Directions - Restate word for word the lines below from the one that has "Afirman que fue" through the one that has "Washington, DC 20002", keeping both and dropping all pictures.

Provided data -
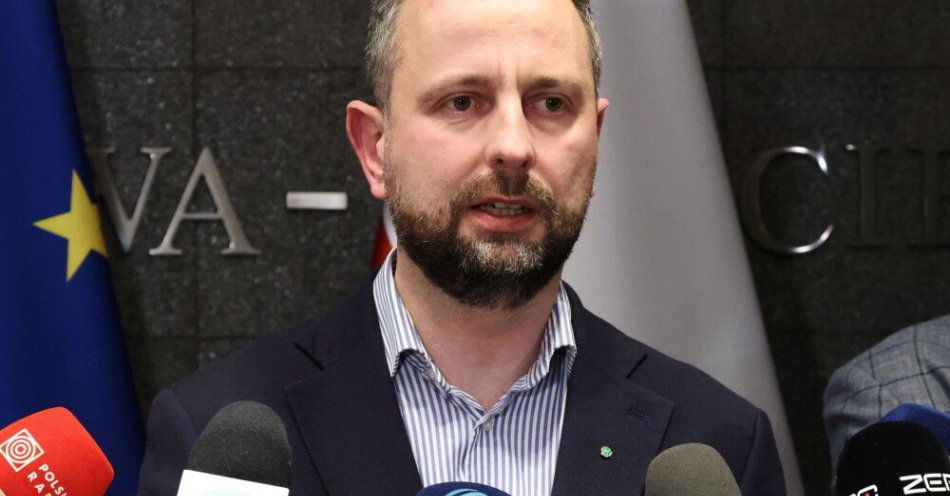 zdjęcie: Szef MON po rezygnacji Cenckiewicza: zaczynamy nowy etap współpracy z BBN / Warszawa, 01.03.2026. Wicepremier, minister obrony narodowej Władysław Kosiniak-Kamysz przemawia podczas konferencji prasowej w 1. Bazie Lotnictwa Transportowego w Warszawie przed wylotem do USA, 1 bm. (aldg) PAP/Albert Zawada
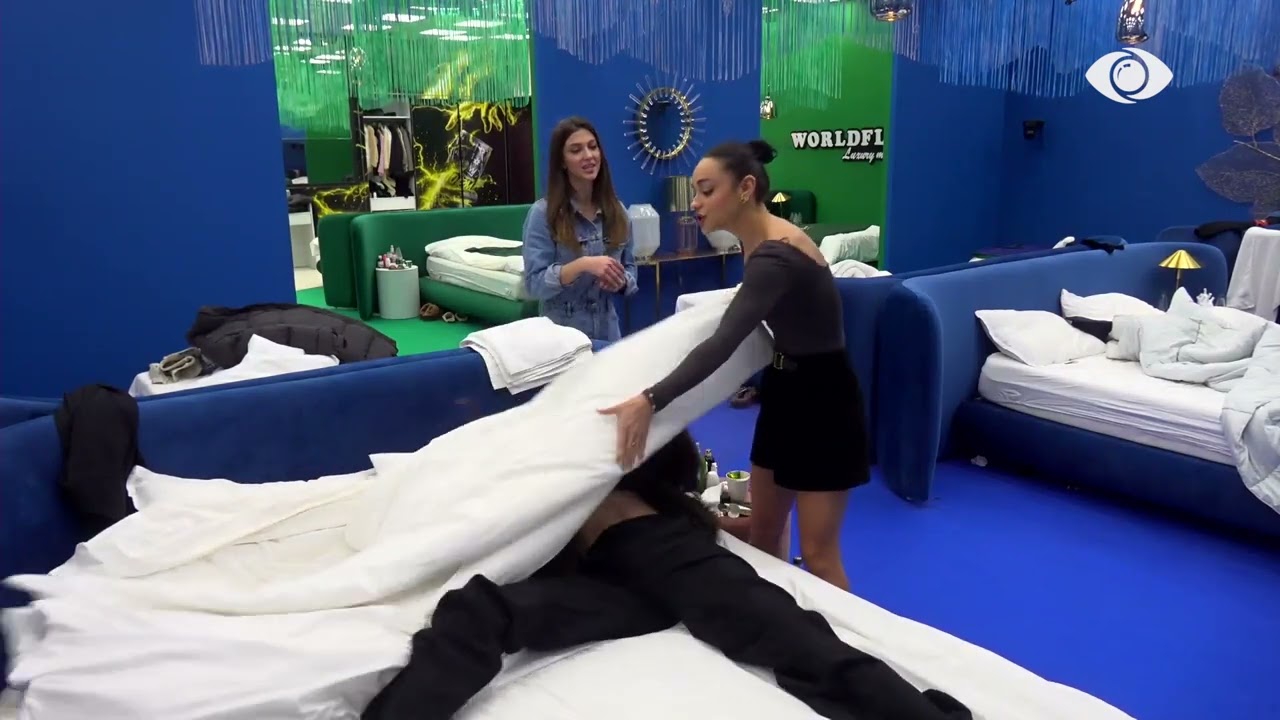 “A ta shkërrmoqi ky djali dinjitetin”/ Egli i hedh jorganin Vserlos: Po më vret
--
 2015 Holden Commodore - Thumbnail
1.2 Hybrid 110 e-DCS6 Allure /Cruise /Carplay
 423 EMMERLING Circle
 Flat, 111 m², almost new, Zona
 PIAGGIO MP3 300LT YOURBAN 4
...
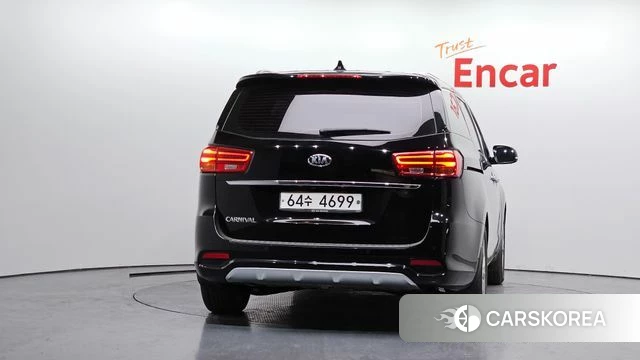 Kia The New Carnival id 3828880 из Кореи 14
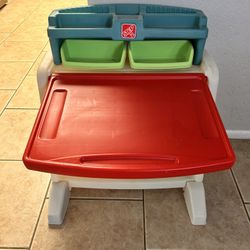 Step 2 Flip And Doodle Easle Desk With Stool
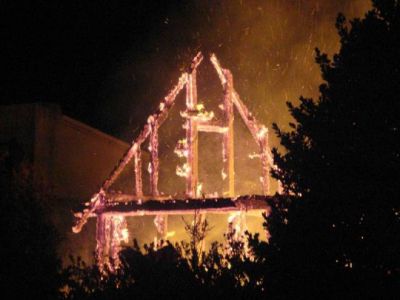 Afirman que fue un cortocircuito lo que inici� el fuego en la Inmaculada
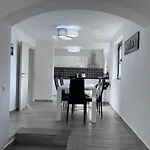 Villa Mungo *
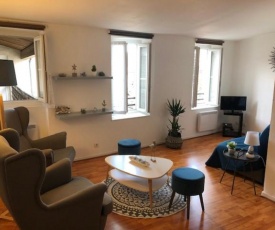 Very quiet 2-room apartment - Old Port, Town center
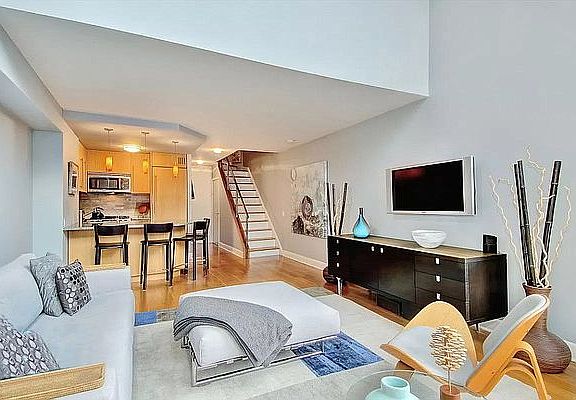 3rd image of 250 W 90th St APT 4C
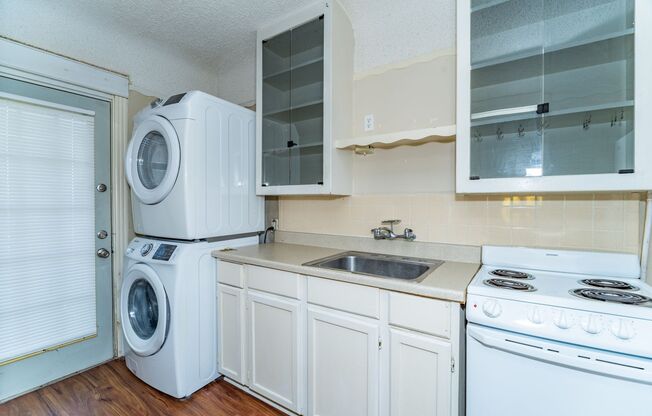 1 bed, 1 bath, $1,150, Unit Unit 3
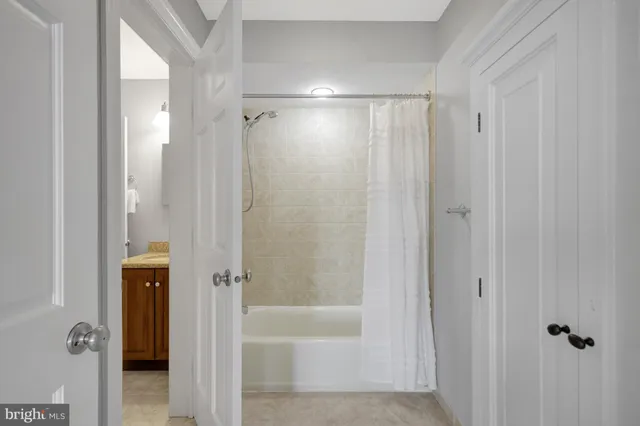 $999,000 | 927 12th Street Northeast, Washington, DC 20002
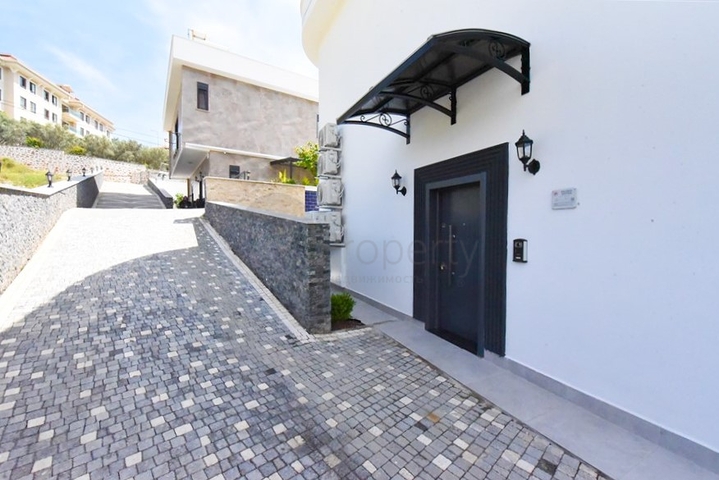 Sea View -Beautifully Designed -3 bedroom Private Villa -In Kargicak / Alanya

Result of the task -
 Afirman que fue un cortocircuito lo que inici� el fuego en la Inmaculada
 Villa Mungo *
 Very quiet 2-room apartment - Old Port, Town center
 3rd image of 250 W 90th St APT 4C
 1 bed, 1 bath, $1,150, Unit Unit 3
 $999,000 | 927 12th Street Northeast, Washington, DC 20002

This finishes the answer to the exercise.